I'm glad that I finally listened to Tago Mago, if for no other reason than to hear "Oh Yeah" in context. The track begins with what sounds like a single thunderclap, followed by rain. But as the song follows "Mushroom" - - whose lyrics appear to refer to the atomic bombs dropped in 1945 on singer Damo Suzuki's homeland of Japan - - the rumble takes on a darker meaning. And, although they were on opposite sides of the original vinyl record, "Halleluhwah" makes perfect sense after "Oh Yeah" as a bridge between the more songlike songs on Side One and the more experimental structures of the third and fourth sides. Strangely, or maybe not so strangely, "Halleluhwah" name-checks its predecessors: "she asked me Thursday for her name / so she was to go where I was singing 'Mushroom Head,' 'Oh Yeah,' 'Paperhouse" / I wonder what I should do."

Indeed, those are the most accessible songs on Tago Mago, and along with "Halleluhwah," they contain the only accessible passages on the album until the final song, "Bring Me Coffee or Tea." That's not to say Tago Mago is mainstream, though.

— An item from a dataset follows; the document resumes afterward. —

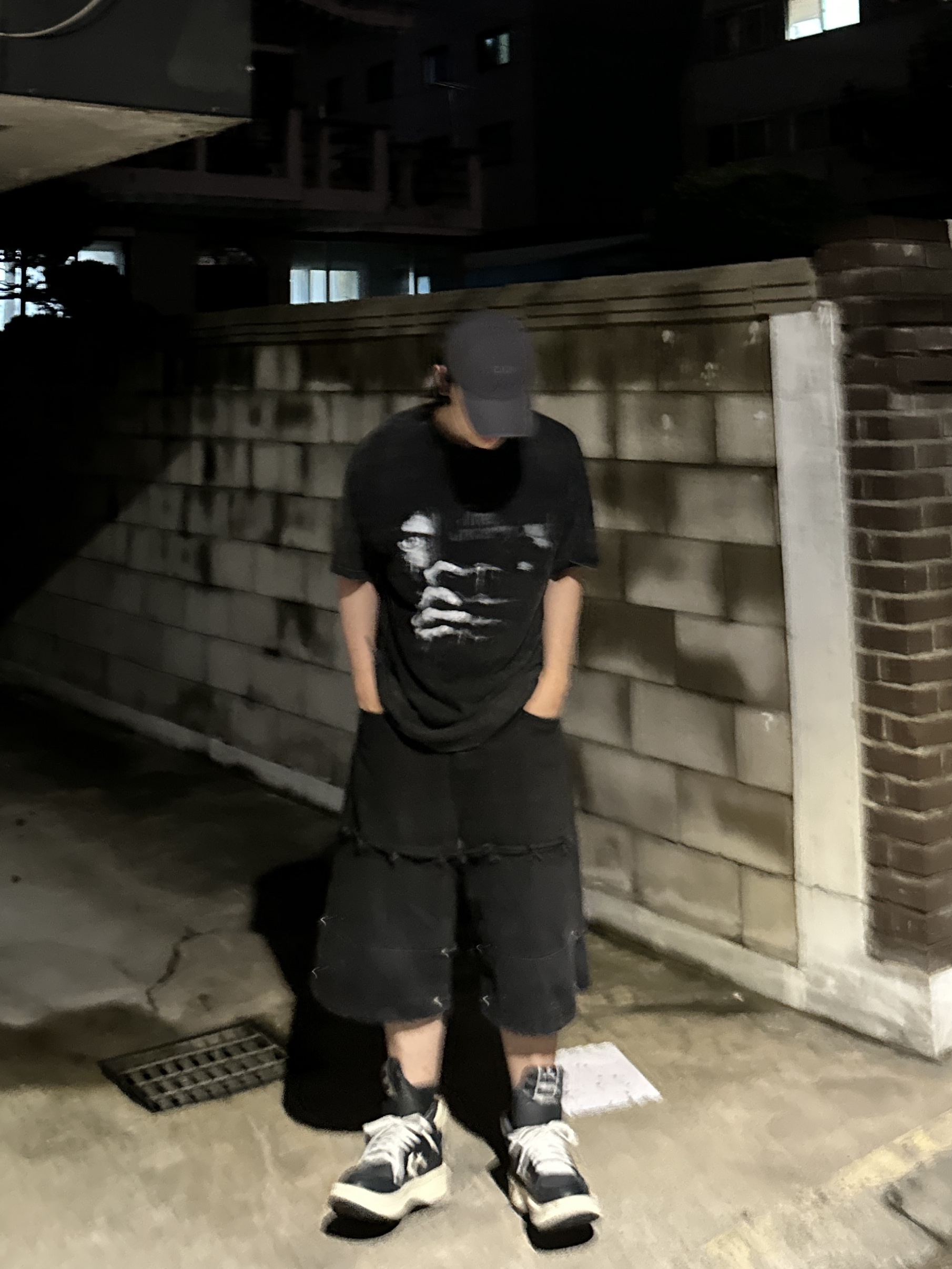 Converse x Drkshdw Turbowpn Black Cream 착용 스타일 - 2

As a pastiche of Electronic Meditation, American funk, and Stockhausen, it's not exactly radio fare. In a classic illustration of the necessity to far exceed existing norms in order to discover how much is too much, the two remaining songs, "Aumgn" and "Peking O," constitute nearly thirty minutes of avant-garde sound, most of it nonmusical.

Tago Mago is also a textbook example of the overdone double album which would've made a good single album. But it's not padded throughout à la Tales from Topographic Oceans; like Ummagumma, Tago Mago has a very good first disc and a weak second one.

Any discussion of the strengths of the album, and the first disc in particular, has to include Jaki Liebezeit's drumming, which has to be some of the best drumming on any Krautrock record of the period. Suzuki's vocals deserve mention as well. Although they're not great per se, they form a great musical and rhythmic component of the music on Disc One. They're well-arranged and are treated and mixed in a way that integrates them perfectly into the overall sound. I get the sense that much of the innovative production here is the work of bassist Holger Czukay, whose tape editing transforms such songs as "Oh Yeah" from rambling rock jams into serious pieces of music.

In all, a good album; the first disc is on a par with the debuts of Tangerine Dream (Electronic Meditation, 1970) and Ash Ra Tempel (self-titled, released in 1971 after Tago Mago).